Pour nous en assurer, replongeons-nous dans ce projet du PS. Le voici :
A la page 14 de ce document, l’engagement était clairement consigné : « Le Smic constitue un levier à court terme pour améliorer les conditions de vie des plus modestes et stimuler la consommation. La revalorisation de son pouvoir d’achat sera engagée après des années d’abandon par la droite. »
Mais, durant l’été, alors que se préparent les primaires socialistes, François Hollande et ses proches débattent du sujet et ne manifestent guère d’enthousiasme pour cette revalorisation du Smic. Et cela transparaît publiquement quand François Hollande organise le 24 août 2011, à la Maison de l’Amérique latine, une première réunion avec des économistes qui lui sont proches (Lire L’énigme François Hollande).
L’un des économistes présents est en effet Gilbert Cette. Peu connu du grand public, cet expert, qui apparaît sur la vidéo officielle ci-dessous retraçant les travaux de la réunion, s’est en effet distingué en co-signant en 2008 un rapport public pour François Fillon préconisant ni plus ni moins que de casser le système du salaire minimum. Mediapart s’en était fait l’écho et avait révélé le rapport le 9 avril 2008 (lire Un rapport officiel veut casser le salaire minimum).
Or, le 24 août, le même Gilbert Cette repart à la charge contre le Smic. Et le plus étonnant, c’est que ce qu’il dit est retenu comme parole d’évangile. On en trouve trace dans le compte-rendu officiel (il est ici) de la troisième table ronde qui a eu lieu ce jour-là, dénommée – ce n’est guère enthousiasmant ni mobilisateur ! : « Concilier pouvoir d’achat, compétitivité, et consolidation des finances publiques ».

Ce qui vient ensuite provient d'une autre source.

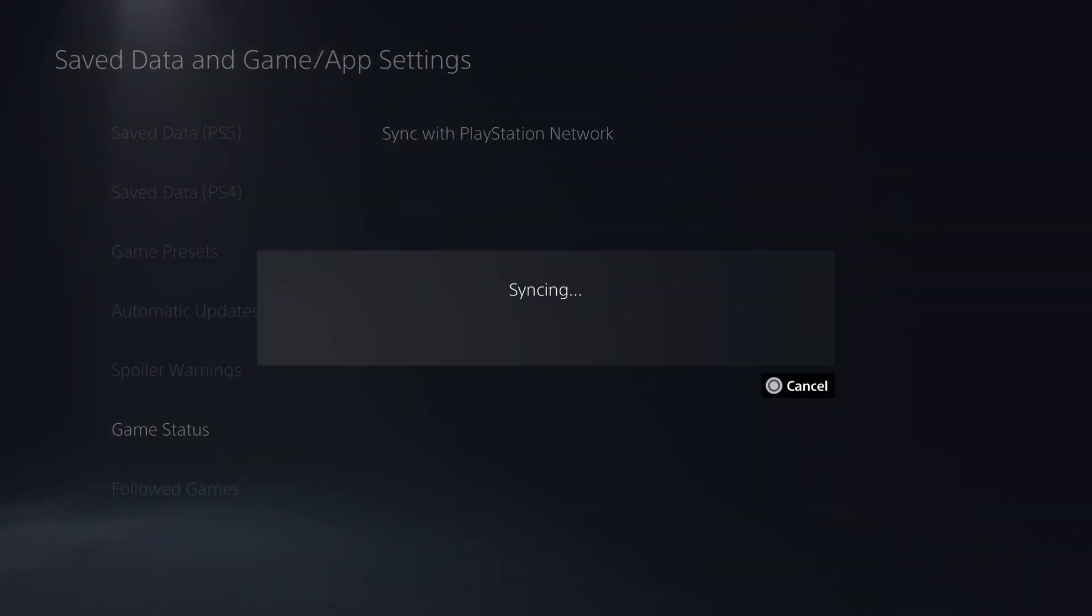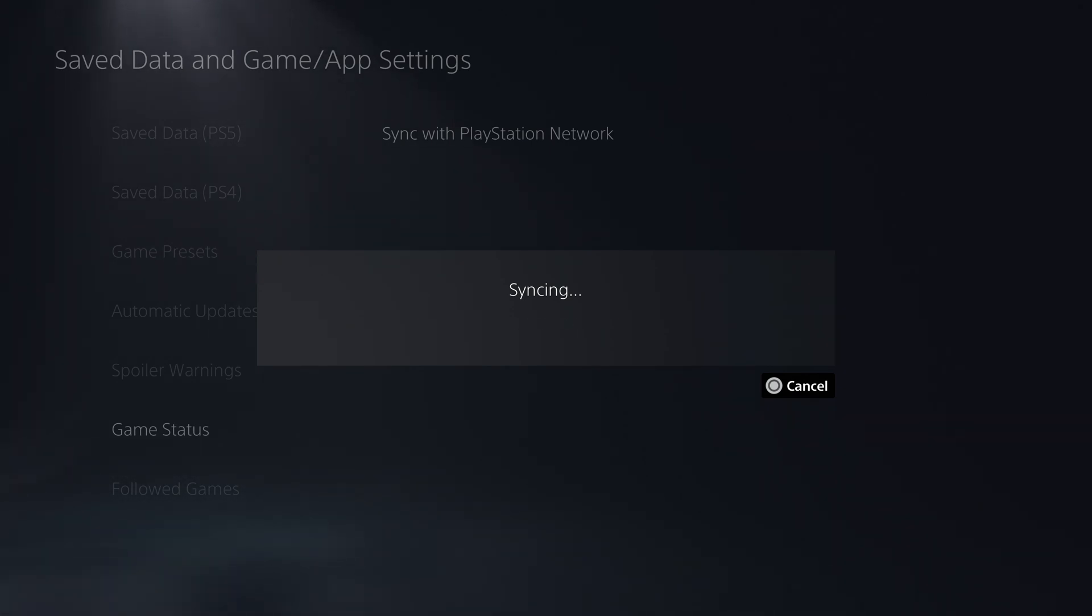Depending on the number of games you've played and the number of trophies you've unlocked, the sync process could take a few minutes. If the sync fails, you can try again.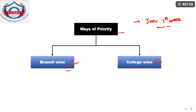Thank you for watching this video. I will be coming with new videos on the step-by-step procedure for CCMT, the counseling process, round one results, how to handle the top three rounds, and special rounds. Stay tuned for those updates.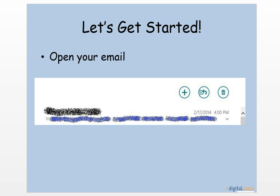So let's get started and see how it works. Begin by opening your email. As you see here, I have an example of an email from my professor, highlighted in black, sent to my entire class, highlighted in blue.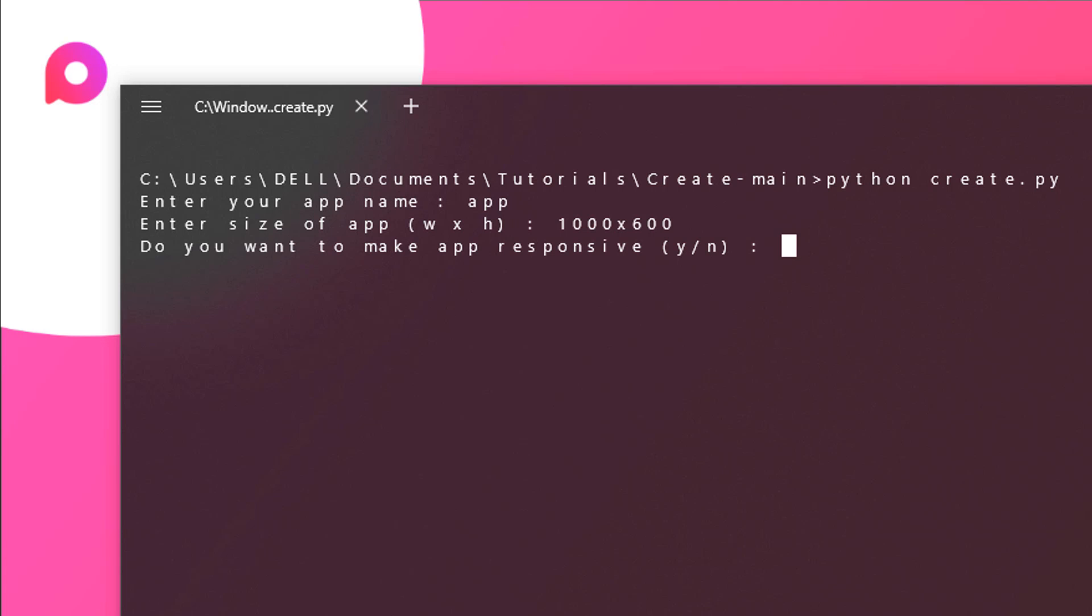If you want to make your app responsive then you can just hit Y, or if you don't want to make it then N. If it is responsive then it can be maximized to a size which is not fixed. But if you don't want to make it responsive then it will be fixed to 1000 into 600. For instance it will be N for us.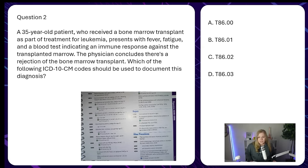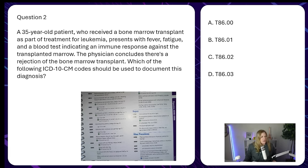Question two: a 35-year-old patient who received a bone marrow transplant as part of treatment for leukemia presents with fever, fatigue, and a blood test indicating an immune response against the transplanted marrow. The physician concludes there is a rejection of the bone marrow transplant. Which ICD-10-CM code should be used? Options: T86.00, T86.01, T86.02, T86.03. These codes are right next to each other, and we're coding specifically for the rejection diagnosis — not the leukemia, fever, or fatigue.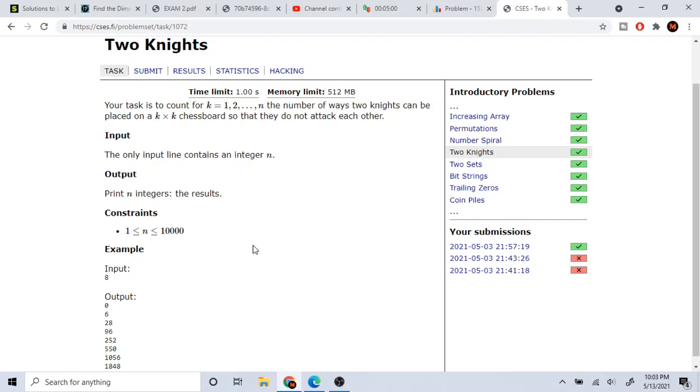So this problem is actually a math problem. And the thing is that I realized if you're doing these problems and you actually look at the math equation and you just plug it in, that's terrible. Like the editorial or whatever, you're not going to learn anything.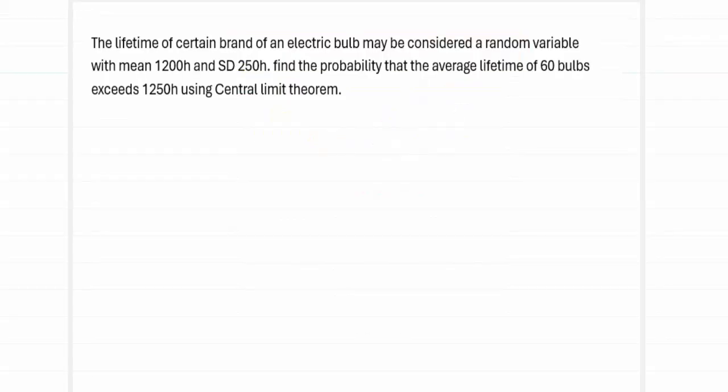The first problem we are going to consider is: the lifetime of a certain brand of electric bulb may be considered a random variable with mean 1200 hours and standard deviation of 250 hours. Find the probability that the average lifetime of 60 bulbs exceeds 1250 hours using the central limit theorem.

Cela commence par l’énoncé suivant: « Cette troisième table ronde a permis de définir des pistes de conciliation entre, d’une part, la sauvegarde du pouvoir d’achat et, d’autre part, deux forces contraires : un regain de compétitivité qui plaide pour une modération salariale et un contexte de sobriété budgétaire susceptible de toucher les dépenses dont bénéficient les foyers modestes. »
Autrement dit, la table ronde fait siens tous les poncifs réactionnaires de la politique libérale, qui a été le socle des politiques économiques suivies par la droite comme par la gauche depuis le virage de 1982/1983 : une politique salariale trop généreuse fait le lit du chômage et nuit à la compétitivité. Cela a été en particulier le credo de Pierre Bérégovoy comme celui d’Édouard Balladur. Il faut donc conduire une politique de l’offre plutôt qu’une politique de la demande. Tout est dit dans cette formule : il faut privilégier « un regain de compétitivité » et cela « plaide pour une modération salariale ».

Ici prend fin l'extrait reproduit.